Cortes Generales
- Enacted by: 5th Cortes Generales
- Enacted: 8 November 1995
- Royal assent: 23 November 1995
- Effective: 25 May 1996

= Criminal Code (Spain) =

Law that codifies most criminal offences in Spain

The Criminal Code is a law that codifies most criminal offences in Spain. The Code is established by an organic law, the Organic Law 10/1995, of 23 November, of the Criminal Code (Ley Orgánica 10/1995, de 23 de noviembre, del Código Penal). Section 149(6) of the Spanish Constitution establishes the sole jurisdiction of the Cortes Generales over criminal law in Spain.
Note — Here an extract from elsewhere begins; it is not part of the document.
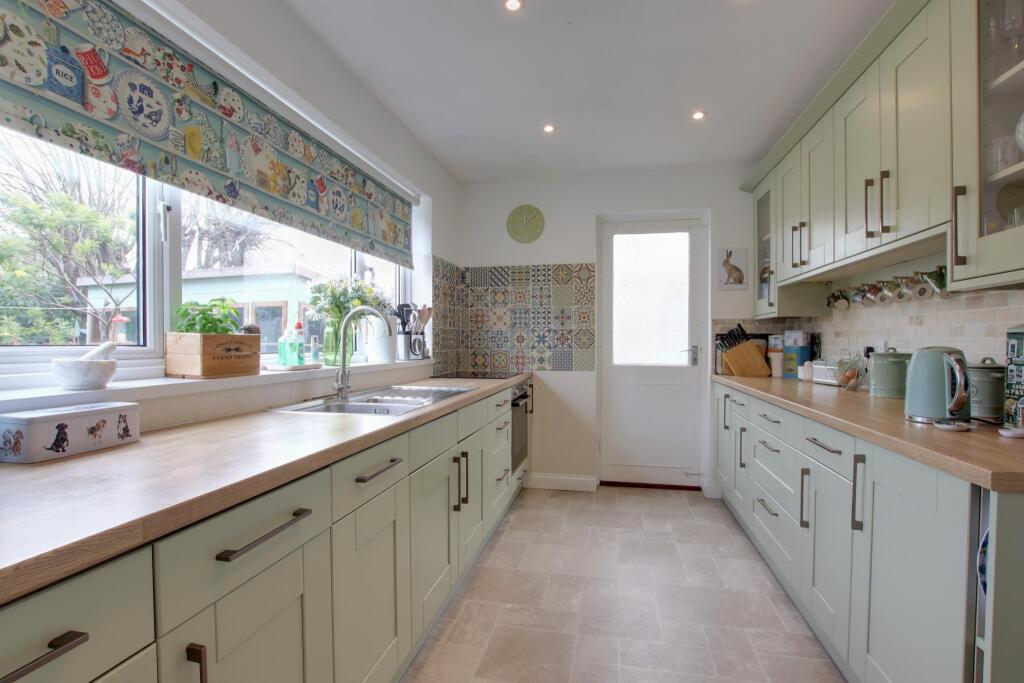Bruce Close, Fareham photo 3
The Criminal Code is structured through two books. The first book regulates general norms about criminal offenses and penalties and the second book regulates crimes and other dangerous situations, to which the code attributes penalties and security measures, respectively. The Criminal Code is a fundamental law of the Spanish criminal law, because it is a limit to the ius puniendi (or «right to punish») of the State.

The Code was enacted by the Spanish Parliament on 8 November 1995 and it was published in the Official State Gazette (BOE) on 23 November. The Code is in force since 25 May 1996. Since its publication, it has been modified on more than thirty occasions, the last time on 2 March 2019.

== Structure ==
The current Spanish Criminal Code is divided in two books, thirty-five titles, one hundred and nine chapters and more than six hundred articles.
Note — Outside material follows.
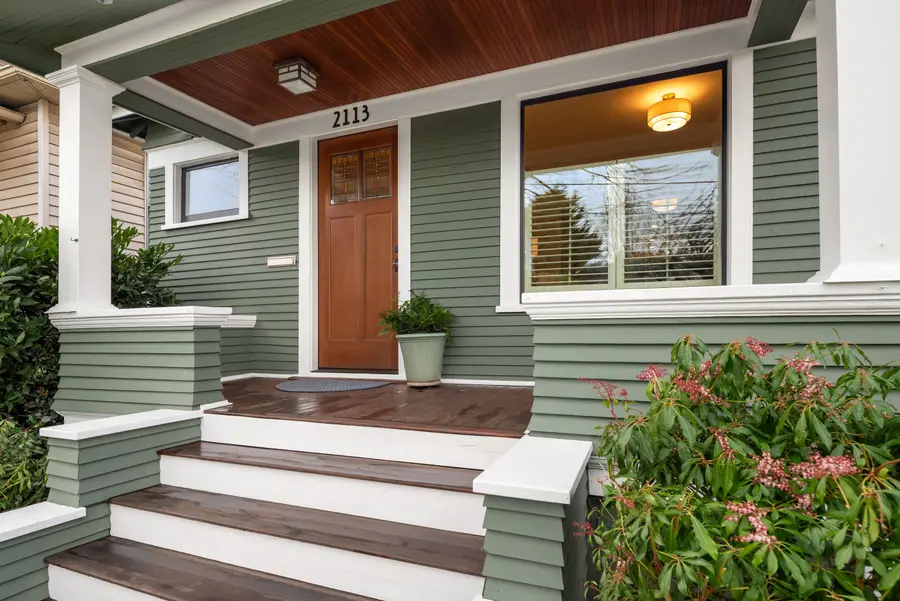 2113 3rd Avenue W, Seattle, WA 98119 - #3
- PRELIMINARY TITLE. On penal guarantees and on the application of the Criminal Law.
- BOOK I. General provisions on felonies and misdemeanours, the persons responsible, the penalties, security measures and other consequences of criminal offences.
  - TITLE I. On felonies and misdemeanours.
  - TITLE II. On persons criminally responsible for felonies and misdemeanours.
  - TITLE III. On penalties.
  - TITLE IV. On security measures.
  - TITLE V. On civil liability arising from the felonies and misdemeanours and costs.
  - TITLE VI. On ancillary consequences.
  - TITLE VII. On expiration of criminal accountability and its effects.
- BOOK II. On felonies and their penalties.
  - TITLE I. On unlawful killing and its forms.
  - TITLE II. On abortion.
  - TITLE III. On bodily harm.
  - TITLE IV. On injuries to the foetus.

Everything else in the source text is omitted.